Und ich bat Onkel John, mir ein Pferd zu leihen, was natürlich drei bedeutete - eines für den Cowboy, der mich begleitete, und ein Packpferd. Damals gab es keine Straßen. Auch keine Automobile. Und das Pferd, das Onkel John mir gab! Es war Hilo. Du wirst dich nicht an ihn erinnern. Du warst damals auf der Schule, und bevor du ein Jahr später nach Hause kamst, hatte er sich oben am Mauna Kea beim Einfangen von wilden Rindern das Rückgrat und seinem Reiter das Genick gebrochen. Du hast sicher davon gehört - von diesem jungen amerikanischen Marineoffizier.«
»Leutnant Bowsfield«, nickte Martha.
»Aber Hilo! Ich war die erste Frau, die je auf seinem Rücken gesessen hatte. Er war ein dreijähriger, fast vierjähriger Hengst und gerade erst zugeritten. So schwarz und glänzend war sein Fell, daß er im Licht wie in schimmerndes Silber gehüllt schien. Er war das größte Reitpferd auf der Ranch, ein Nachkomme von Sparklingdew, der dem König gehörte, mit einer erstklassigen Stute als Mutter, und man hatte ihn erst vor ein paar Wochen eingefangen. Nie habe ich ein so schönes Pferd gesehen. Er hatte den gewölbten Brustkorb und den runden, wohlproportionierten Körper des idealen Bergponys, Kopf und Hals waren die eines Rassepferdes, schlank und doch voll, mit wunderschönen, aufmerksam gespitzten Ohren, weder zu klein, um tückisch, noch zu groß, um wie die eines störrischen Maulesels zu wirken. Und auch seine Beine und Füße waren wunderschön, tadellos, sicher und fest, mit elastischen Fesseln, die ihn unter dem Sattel zu einem Wunder an Leichtigkeit machten.«
»Ich entsinne mich, wie Prinz Lilolilo zu Onkel John sagte, daß du die beste Reiterin auf ganz Hawaii seist«, unterbrach Martha sie. »Das war zwei Jahre später, als ich von der Schule zurück war und du noch in Nahala lebtest.«
»Lilolilo hat das gesagt!« rief Bella. Ihre länglichen braunen Augen leuchteten auf, und es schien fast, als erröte sie, als sie an ihren Geliebten zurückdachte, der nun schon fast ein halbes Jahrhundert tot und zu Staub zerfallen war. Mit der angeborenen edlen Bescheidenheit der Hawaiianerin überspielte sie die unfreiwillige Offenbarung mit weiteren Lobeshymnen auf Hilo.

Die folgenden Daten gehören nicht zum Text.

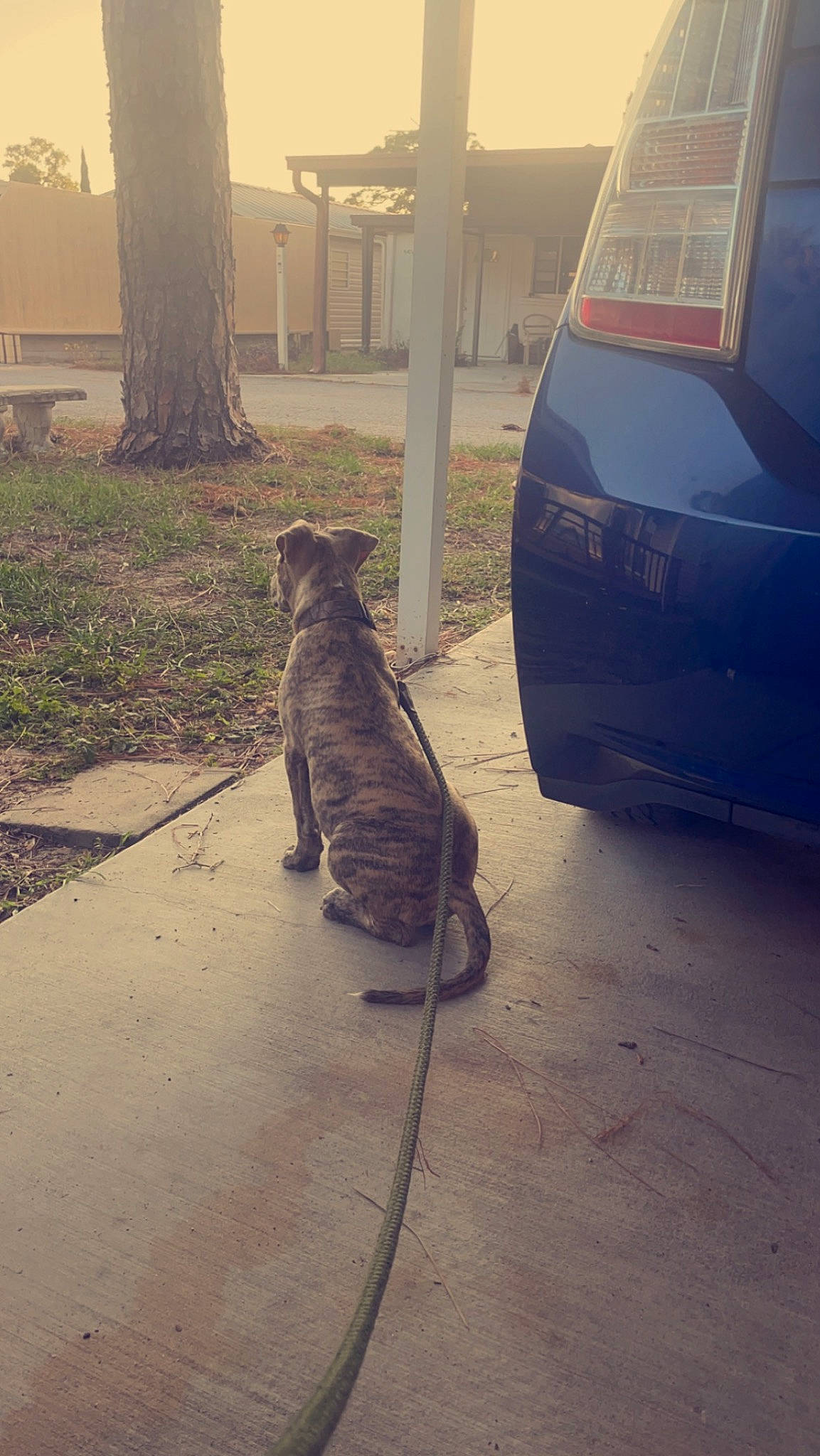 Deuce joined the competition — help win amazing prizes! asphalt, automotive_lighting, automotive_tire, carnivore, cloud, felidae, fender, grass, hood, mammal, plant, road_surface, sidewalk, small_to_medium_sized_cats, sunlight, tints_and_shades, tire, tree, vehicle_door, vertebrate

»Ach, wenn er mit mir die mit hohem Gras bewachsenen Hänge hinauf- und hinabjagte, nahm er die Hindernisse wie im Traum, denn er sprang mit jedem Satz wie ein Reh, wie ein Hase oder ein Foxterrier über das Gras hinweg - du kennst das. Und er machte Kapriolen, tänzelte und schäumte über vor Lebenslust! Er war ein Pferd für einen General, einen Napoleon, einen Kitchener. Und seine Augen blickten nie bösartig, nur schalkhaft und, ach, so intelligent, als würde er sich über einen Witz freuen und lachen oder als wolle er selbst einen machen. Und ich bat Onkel John, mir Hilo zu geben. Und Onkel John sah mich an, und ich sah ihn an - und obwohl er es nicht aussprach, spürte ich, daß er im stillen >liebe Bella< sagte, und ich wußte, daß er irgendwo in mir sein Traumbild der Prinzessin Naomi wiederentdeckte. Und Onkel John sagte ja. Und so nahm alles seinen Lauf.
Aber er bestand darauf, daß ich erst einen Versuch mit Hilo machte - und zwar allein, ohne Zuschauer. Er war schwer zu bändigen, herrlich schwer. Aber er war nicht bösartig, nicht heimtückisch. Immer wieder ging er mir durch, aber ich ließ es ihn nicht merken. Ich hatte keine Angst, und dadurch hatte ich immer ein Gespür für ihn, so daß er nicht auf die Idee kam, er sei mir auch nur einen Sprung voraus.